Open manfredjoswald opened this issue 5 years ago • 1 comments

Hello, I have problems with converting 64-channel data recorded with Intan from an unsigned uint16 binary file to int16 format. The uint16 file is entered around 32768 with limits of 0 and 65535, so when I convert the data in Matlab to int16 with 'int16(a_data)' I just saturate all the data above 32768. However, the KiloSort output still provides me with spikes, a lot of them appear to be noise though. The traceView then displays alternate waveform and saturated straight line sections (see the recent Issue I posted to Phy). When I subtract 32768 from my uint16 data I can generate a binary int16 file with a mean around zero that is not saturated. However, now the same KiloSort settings do not detect any spikes at all, and also not if I reduce the spike threshold detection parameter setting.

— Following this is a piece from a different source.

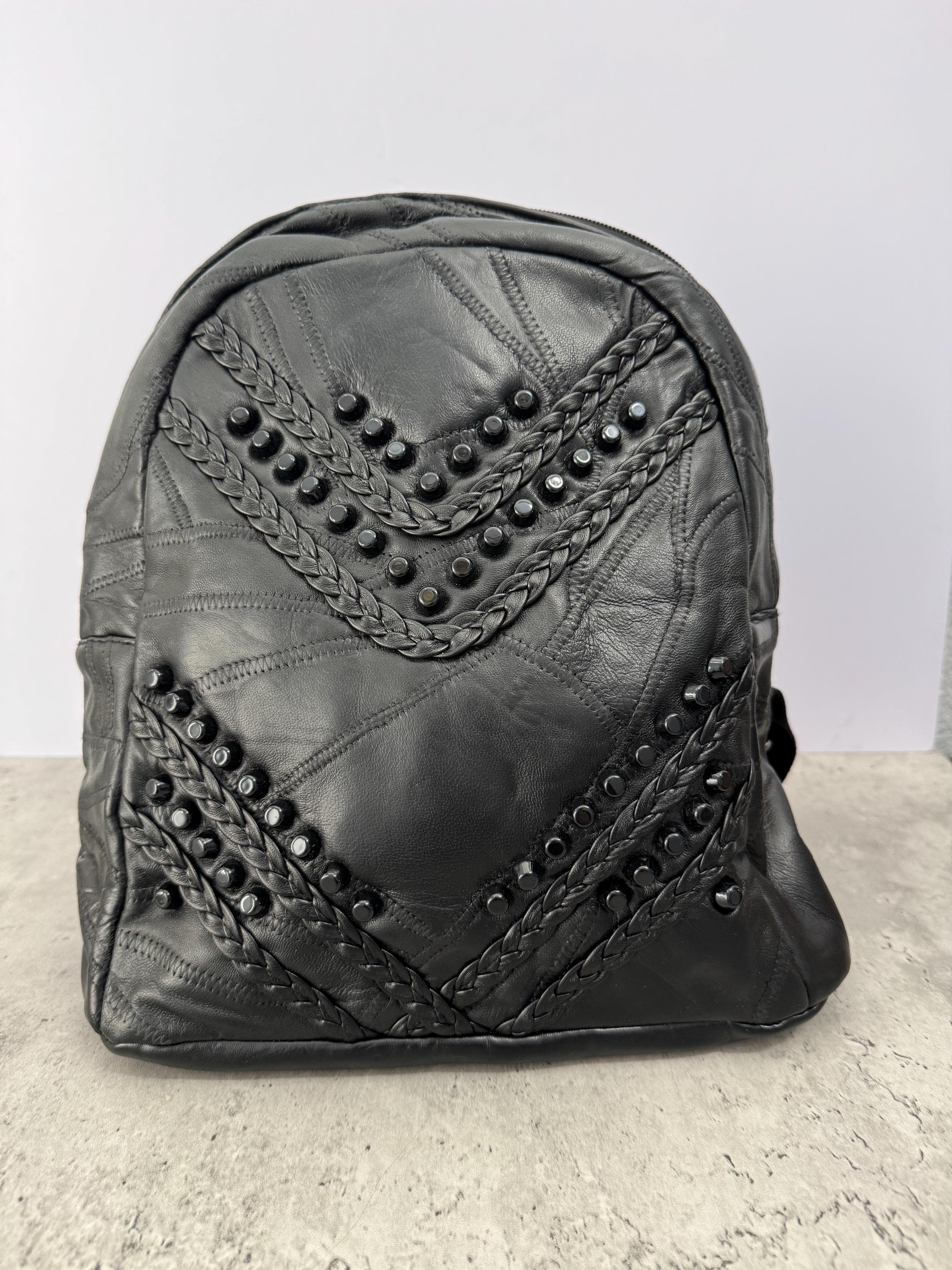 charm studs chain leather backpack 地雷 Women Girl Y2K Style Metal Punk Chain Shoulder Bags PU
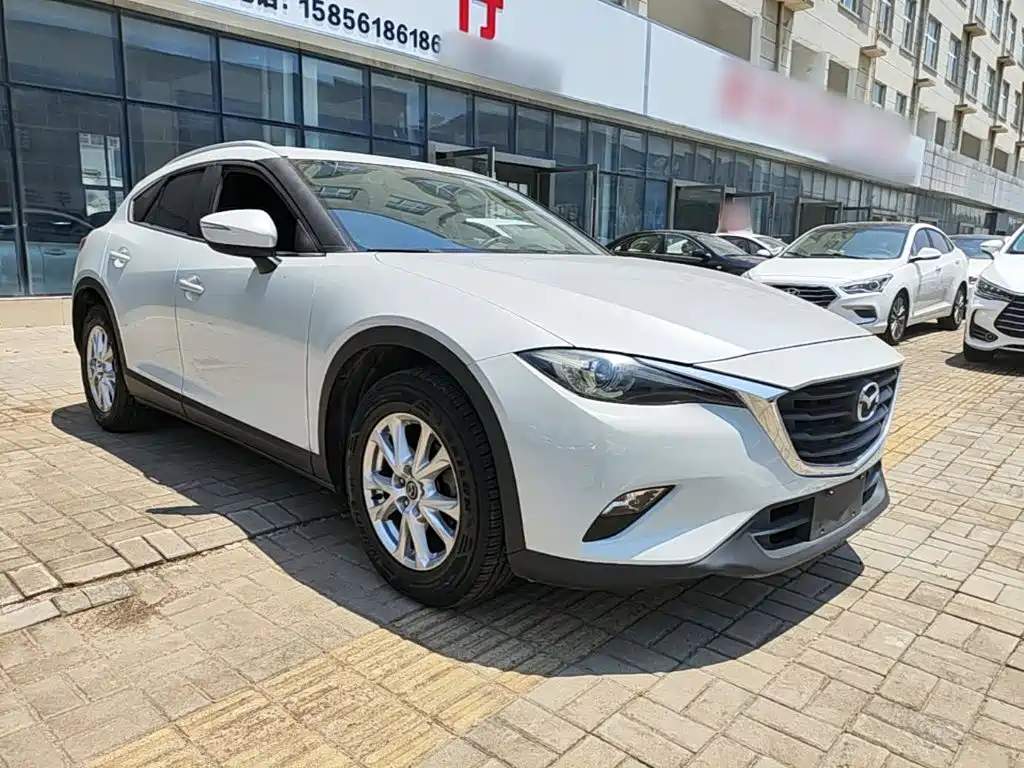Mazda CX-4 2017 — фото 4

So my first question is if the int16 binary file processed by KiloSort can contain negative values or just 0 to 32768? And if the values can range from -32768 to +32768, what parameters in the Configuration file should I change to detect spikes. Another approach to zero data is to filter it first with the Matlab filtfilt command. For this I have to convert first to double precision format and then back to int16, but this step is very slow. I assume that is why the integer data is filtered during pre-processing before Spike detection in KiloSort. I am not familiar with the data format used in the pre-processing steps (DATA now has a 3rd dimension). If I use the same filter parameters should the output then be identical to what I obtain with the filtfilt function? Can somebody tell me what file Phy uses for plotting in the TraceView window? Is that the unfiltered data? It does very different to the filtfilt output in double precision format. And finally, does it make sense to use the int16 binary file of the data that is already filtered (with filtfilt) as input for KiloSort, or do I have to remove the filter sections then from the pre-processing m-file of the KiloSort package? I am grateful for any comments towards these questions.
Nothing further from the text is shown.